Enfim. Há de se respeitar a posição de pessoas que se colocam contrárias à Bíblia. Não é difícil julga-la como um conjunto de textos absurdos.

É considerável a quantidade de pessoas que se beneficiam de uma vida religiosa. Muitas deixam de praticar o mal por se dedicarem a alguma religião. Obviamente isso é positivo. Mas não é o ideal. Países como o Brasil, onde a população sofre muito, tendem a possuir uma população dotada de muita fé. A fé se faz ali um instrumento de defesa contra o sofrimento e o desespero. A esperança do milagre e da vida eterna são um alento aos sofredores. Entretanto, países onde se tem uma qualidade de vida superior, como Canadá, Finlândia, Suíça, Holanda, Noruega, têm um percentual muito menor de religiosos. Portanto um mundo mais próximo do ideal seria aquele sem sofrimento e sem religião, como descreveu John Lennon em sua bela canção pacifista e ainti-religião “Imagine”. Obviamente, Lennon, temperamental e, por vezez violento - não mais que Davi - , não é um exemplo a ser seguido. A Bíblia mesmo, nos põe diante de uma perspectiva interessante quando diz que Jesus não veio para os sãos, e, sim, para os doentes (Mateus 9:12).

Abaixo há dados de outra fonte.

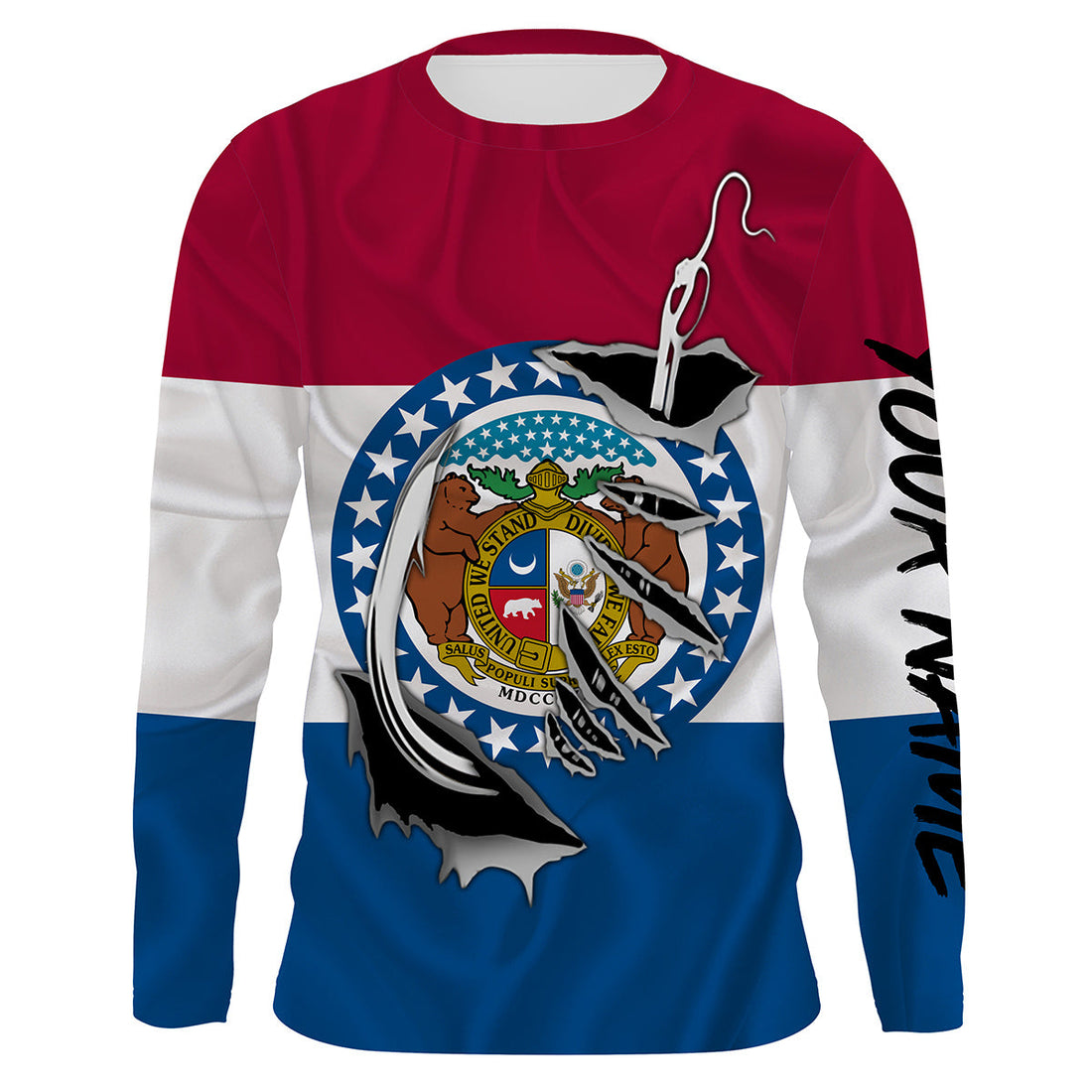 Missouri Flag 3D Fish Hook UV Protection Custom Long Sleeve performance Fishing IPHW495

Finalizo citando o escritor e teólogo Rubem Alves: “Nascemos fracos e indefesos; incapazes de sobreviver como indivíduos isolados; recebemos da sociedade um nome e uma identidade; com ela aprendemos a pensar e nos tornamos racionais; fomos por ela acolhidos; e, finalmente, é ela que chorará a nossa morte. É compreensível que ela seja o deus que todas as religiões adoram, ainda que de forma oculta, escondida aos olhos dos fiéis.”